Some basic manipulation:

def transform(df: DataFrame) -> DataFrame:
    transformed_df = df \
        .withColumn("date", to_date(col("date"), "yyyy-MM-dd")) \
        .filter(col("iso_code").isNotNull()) \
        .filter(col("date").isNotNull()) \
        .filter(col("location").isNotNull()) \
        .filter(col("iso_code") != "") \
        .filter(col("location") != "")
    
    return transformed_df

Load

Get that sweet, sweet data loaded into parquet with a few performance-flavored bells and whistles.

def load(df: DataFrame, output_path: str = "output/covid_partitioned_bucketed"):
    df_with_year_month = df.withColumn("year", year(col("date"))) \
                          .withColumn("month", month(col("date")))

    distinct_count = df_with_year_month.select("iso_code").distinct().count()
    num_buckets = min(32, max(4, distinct_count // 2))
    print(f"{num_buckets=}")

    df_with_year_month.write \
        .mode("overwrite") \
        .option("path", output_path) \
        .option("parquet.block.size", 67108864)  \
        .partitionBy("year", "month") \
        .bucketBy(num_buckets, "iso_code") \
        .sortBy("iso_code", "date") \
        .format("parquet") \
        .saveAsTable("covid_data_partitioned_bucketed")

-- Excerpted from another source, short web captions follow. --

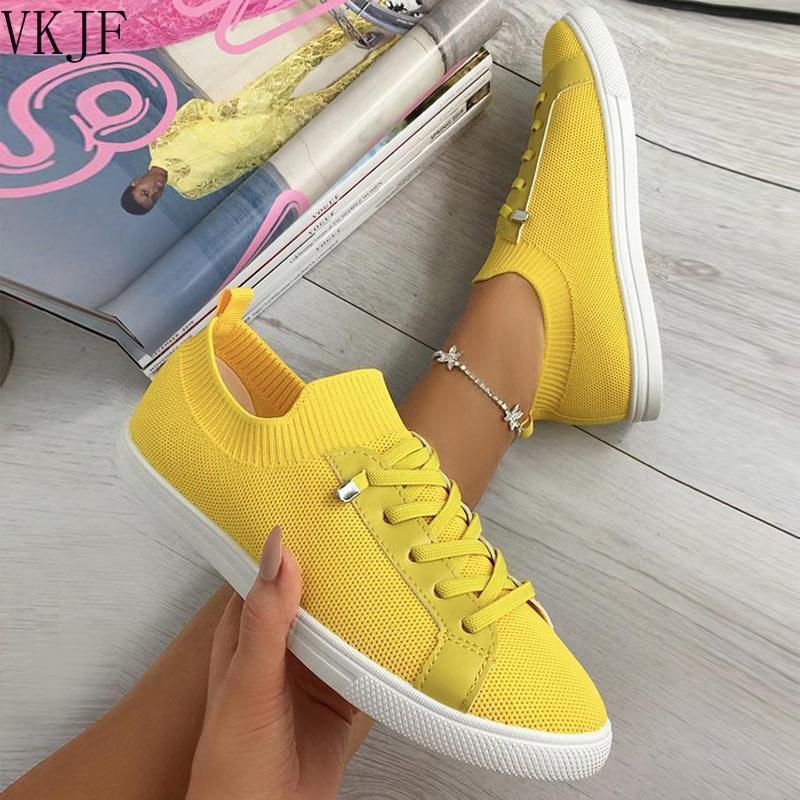 Women Breathable Light Comfort Solid Color Soft Flat Shoes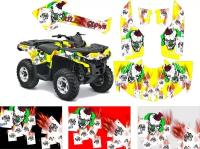 Наклейки на квадроцикл BRP Can-Am Outlander G1/G2 "KILLER CLOWN" черные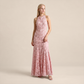 【Wedding Guest】 Maxi Sheath Polyester Glam U-Neck Water-Soluble Lace Applique - MYTHSIS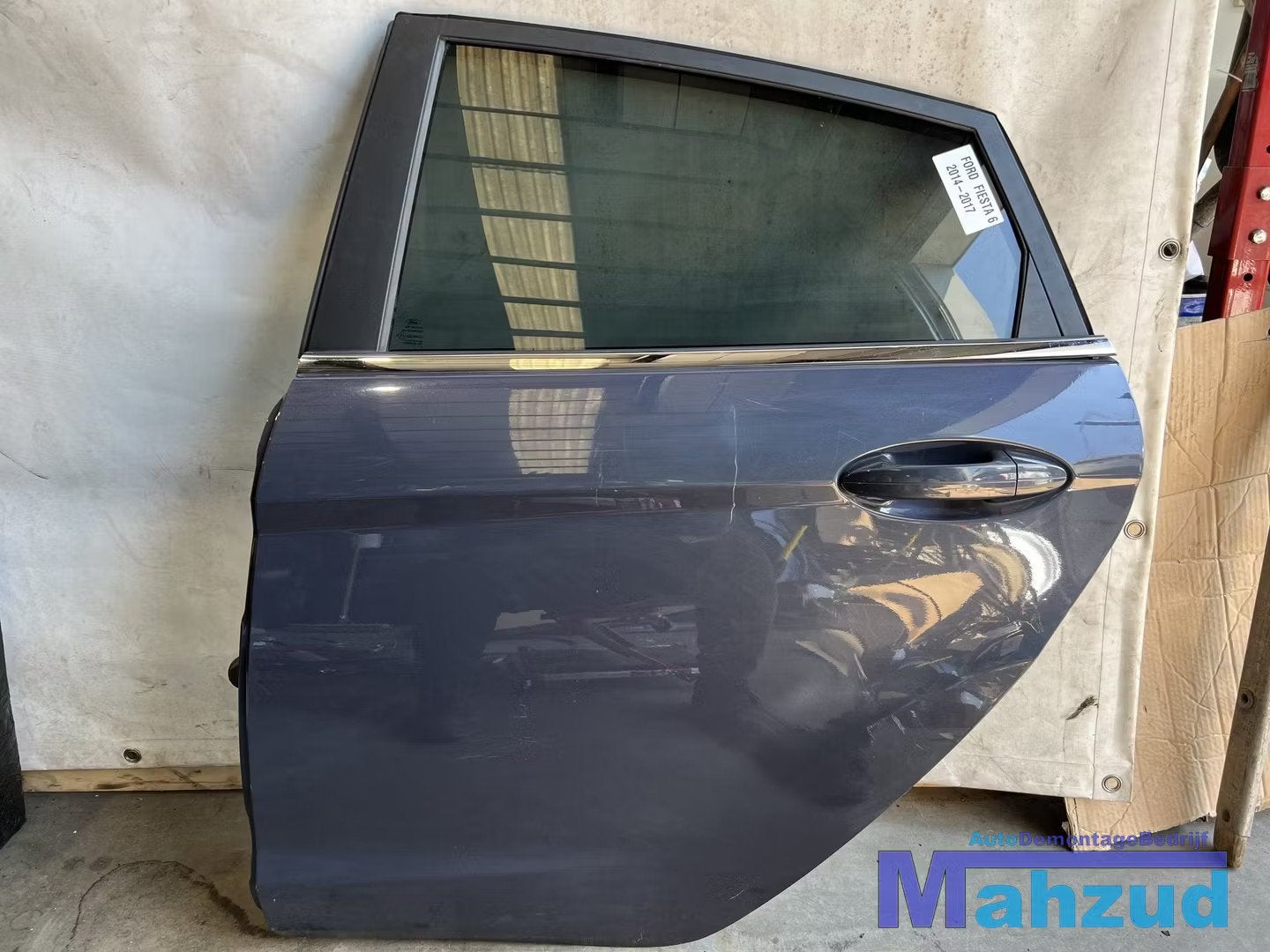 FORD FIESTA 6 Grijs Links achter deur portier 2008-2017, Arrière, Info@ford.com, Porte, Ford Motor Company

The magic is in .partitionBy("year", "month") and .bucketBy(num_buckets, "iso_code")

So what’s this all actually do

Partitioning and bucketing shape the layout of your data on disk in ways that Spark can take advantage of. Here’s what I learned from playing around with both:

Partitioning

When you call .partitionBy("year", "month"), Spark writes your data into a nested folder structure based on those columns. For example, you’ll get directories that look like:

output/covid_partitioned_bucketed/
└── year=2023/
    ├── month=1/
    ├── month=2/
    └── ...

This is helpful for humans (it’s easier to eyeball data when it’s organized), but more importantly, it’s great for performance. If you run a filter like WHERE year = 2023, Spark doesn’t scan the entire dataset—it just jumps straight to the relevant directories. That’s called partition pruning, and it’s one of the cheapest wins you can get when reading large datasets.

Even on my local machine with the 429k rows, it made a difference. In a cluster setup, this would avoid pulling unnecessary files across the network and hitting unrelated nodes.

Bucketing

Bucketing is a bit different. When you call .bucketBy(num_buckets, "iso_code"), Spark hashes the iso_code and uses modulo arithmetic to assign each record to a specific file—consistently. This means all records with the same iso_code end up in the same bucket file every time.

That’s a huge win for joins and aggregations. If you join two bucketed tables on the same column and bucket spec, Spark knows exactly which files to match up. It avoids a shuffle, which is expensive.

And yeah, Parquet files are already columnar and efficient but this helps Spark skip entire files, not just columns.

Less I/O, less memory, less time.

So while partitioning helps with filtering, bucketing helps with joining and grouping. Together, they give Spark the map and the shortcuts.

A Peek Under the Hood

The satisfying part of this exercise was actually seeing the benefits show up in the query plan. When we filtered by year, Spark used partition pruning, jumping straight to the right directories. When we filtered by iso_code, the bucketed layout kicked in (though interestingly, the planner noted that bucketing was disabled for some queries and enabled for others). And in the join example, Spark knew exactly how many buckets to match up.

In practice, I don’t think most people routinely examine query plans unless something is slow. I imagine these kinds of tuning decisions (like whether to add bucketing or sort columns) come up more often in code review than through deep query plan analysis (though I could be wrong!). Still, it was reassuring to see that these options actually showed up in the plan. I didn’t run any benchmarks myself. If that’s your thing, a quick Google search will turn up a handful. Ultimately it was satisfying to know Spark was doing something different when I added these options to write.

I’ll be keeping this in mind going forward, especially as I move toward bigger datasets and distributed runs. Seeing it all click (even if only on a local setup) was a solid reminder that layout matters.